Nothing may be left out or changed. Print every entry.

- - - - - - -

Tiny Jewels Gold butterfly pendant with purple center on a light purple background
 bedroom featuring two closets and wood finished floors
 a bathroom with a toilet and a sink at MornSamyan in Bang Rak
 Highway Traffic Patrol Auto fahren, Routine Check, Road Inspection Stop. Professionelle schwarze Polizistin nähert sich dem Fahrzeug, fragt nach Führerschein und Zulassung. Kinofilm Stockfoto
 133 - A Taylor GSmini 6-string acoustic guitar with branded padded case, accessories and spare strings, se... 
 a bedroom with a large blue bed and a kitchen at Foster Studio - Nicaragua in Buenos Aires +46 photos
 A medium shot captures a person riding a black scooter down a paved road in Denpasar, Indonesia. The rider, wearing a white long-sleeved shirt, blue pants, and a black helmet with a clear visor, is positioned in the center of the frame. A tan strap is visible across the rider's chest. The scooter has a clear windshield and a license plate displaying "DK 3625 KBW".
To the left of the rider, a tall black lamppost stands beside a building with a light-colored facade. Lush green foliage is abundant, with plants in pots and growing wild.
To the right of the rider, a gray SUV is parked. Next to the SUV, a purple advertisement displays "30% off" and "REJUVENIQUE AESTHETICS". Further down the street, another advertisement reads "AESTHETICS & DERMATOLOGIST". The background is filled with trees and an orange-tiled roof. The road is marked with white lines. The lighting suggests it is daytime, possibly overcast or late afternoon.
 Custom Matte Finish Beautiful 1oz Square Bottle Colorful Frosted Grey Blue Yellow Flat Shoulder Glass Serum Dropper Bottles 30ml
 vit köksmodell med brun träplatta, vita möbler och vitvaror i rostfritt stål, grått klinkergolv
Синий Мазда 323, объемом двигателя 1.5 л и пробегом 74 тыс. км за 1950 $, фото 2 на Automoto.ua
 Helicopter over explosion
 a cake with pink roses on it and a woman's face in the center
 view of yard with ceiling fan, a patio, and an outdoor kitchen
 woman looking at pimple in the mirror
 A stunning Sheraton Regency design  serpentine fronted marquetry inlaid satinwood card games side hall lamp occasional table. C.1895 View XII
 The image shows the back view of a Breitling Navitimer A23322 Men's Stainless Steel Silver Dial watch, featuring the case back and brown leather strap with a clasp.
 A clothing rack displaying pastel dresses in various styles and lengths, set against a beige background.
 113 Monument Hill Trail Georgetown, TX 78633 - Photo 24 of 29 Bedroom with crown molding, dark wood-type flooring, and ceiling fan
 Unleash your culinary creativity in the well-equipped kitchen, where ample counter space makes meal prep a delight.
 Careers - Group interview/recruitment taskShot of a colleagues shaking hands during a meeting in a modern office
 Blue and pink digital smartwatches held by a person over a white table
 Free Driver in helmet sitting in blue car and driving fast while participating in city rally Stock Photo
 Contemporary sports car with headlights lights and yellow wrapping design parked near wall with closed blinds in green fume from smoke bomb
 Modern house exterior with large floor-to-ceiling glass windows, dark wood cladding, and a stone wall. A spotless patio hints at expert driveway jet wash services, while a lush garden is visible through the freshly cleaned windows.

- - - - - - -

--- Exercise response ---
Tiny Jewels Gold butterfly pendant with purple center on a light purple background
 bedroom featuring two closets and wood finished floors
 a bathroom with a toilet and a sink at MornSamyan in Bang Rak
 Highway Traffic Patrol Auto fahren, Routine Check, Road Inspection Stop. Professionelle schwarze Polizistin nähert sich dem Fahrzeug, fragt nach Führerschein und Zulassung. Kinofilm Stockfoto
 133 - A Taylor GSmini 6-string acoustic guitar with branded padded case, accessories and spare strings, se... 
 a bedroom with a large blue bed and a kitchen at Foster Studio - Nicaragua in Buenos Aires +46 photos
 A medium shot captures a person riding a black scooter down a paved road in Denpasar, Indonesia. The rider, wearing a white long-sleeved shirt, blue pants, and a black helmet with a clear visor, is positioned in the center of the frame. A tan strap is visible across the rider's chest. The scooter has a clear windshield and a license plate displaying "DK 3625 KBW".
To the left of the rider, a tall black lamppost stands beside a building with a light-colored facade. Lush green foliage is abundant, with plants in pots and growing wild.
To the right of the rider, a gray SUV is parked. Next to the SUV, a purple advertisement displays "30% off" and "REJUVENIQUE AESTHETICS". Further down the street, another advertisement reads "AESTHETICS & DERMATOLOGIST". The background is filled with trees and an orange-tiled roof. The road is marked with white lines. The lighting suggests it is daytime, possibly overcast or late afternoon.
 Custom Matte Finish Beautiful 1oz Square Bottle Colorful Frosted Grey Blue Yellow Flat Shoulder Glass Serum Dropper Bottles 30ml
 vit köksmodell med brun träplatta, vita möbler och vitvaror i rostfritt stål, grått klinkergolv
Синий Мазда 323, объемом двигателя 1.5 л и пробегом 74 тыс. км за 1950 $, фото 2 на Automoto.ua
 Helicopter over explosion
 a cake with pink roses on it and a woman's face in the center
 view of yard with ceiling fan, a patio, and an outdoor kitchen
 woman looking at pimple in the mirror
 A stunning Sheraton Regency design  serpentine fronted marquetry inlaid satinwood card games side hall lamp occasional table. C.1895 View XII
 The image shows the back view of a Breitling Navitimer A23322 Men's Stainless Steel Silver Dial watch, featuring the case back and brown leather strap with a clasp.
 A clothing rack displaying pastel dresses in various styles and lengths, set against a beige background.
 113 Monument Hill Trail Georgetown, TX 78633 - Photo 24 of 29 Bedroom with crown molding, dark wood-type flooring, and ceiling fan
 Unleash your culinary creativity in the well-equipped kitchen, where ample counter space makes meal prep a delight.
 Careers - Group interview/recruitment taskShot of a colleagues shaking hands during a meeting in a modern office
 Blue and pink digital smartwatches held by a person over a white table
 Free Driver in helmet sitting in blue car and driving fast while participating in city rally Stock Photo
 Contemporary sports car with headlights lights and yellow wrapping design parked near wall with closed blinds in green fume from smoke bomb
 Modern house exterior with large floor-to-ceiling glass windows, dark wood cladding, and a stone wall. A spotless patio hints at expert driveway jet wash services, while a lush garden is visible through the freshly cleaned windows.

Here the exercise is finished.